*Work request*
Each line in the material below must be transcribed exactly; no picture belongs in the copy.

*Data segment*
━━━━━━━━━━━━━━━━
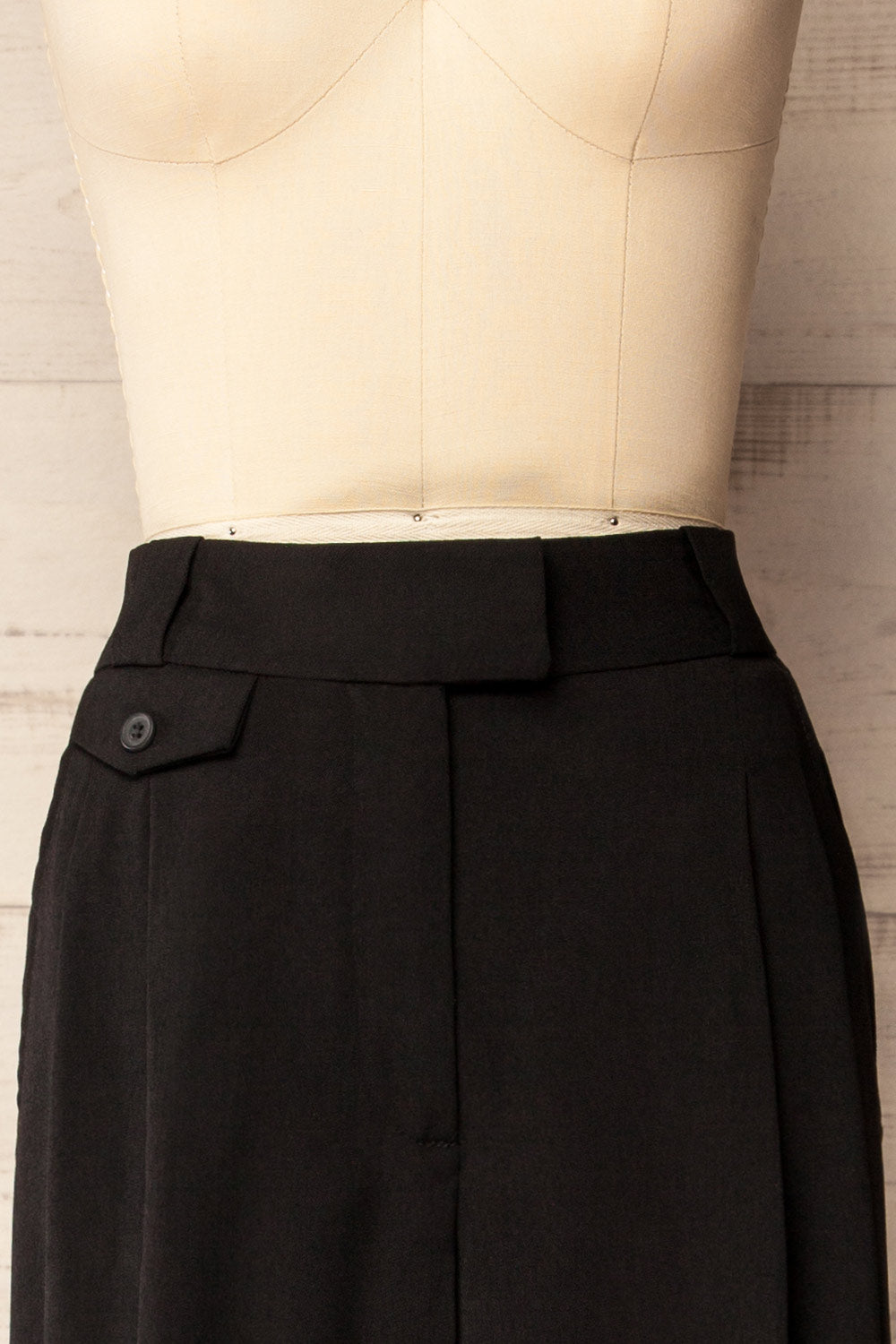 Cortona Black Straight-Leg Pants with Pleats | La petite garçonne front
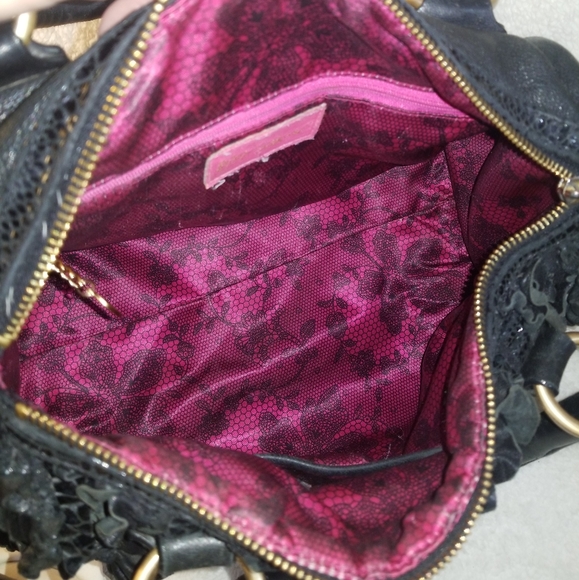 Betsey Johnson black ruffled handbag - Picture 2 of 7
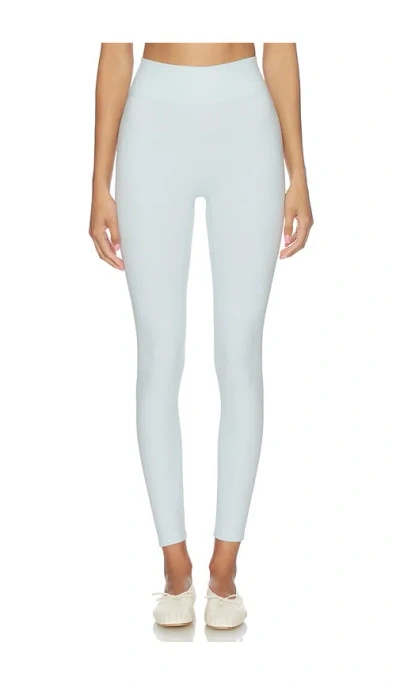 437 THE ESSENTIALS LEGGING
━━━━━━━━━━━━━━━━
*Exercise response*
 Cortona Black Straight-Leg Pants with Pleats | La petite garçonne front
 Betsey Johnson black ruffled handbag - Picture 2 of 7
 437 THE ESSENTIALS LEGGING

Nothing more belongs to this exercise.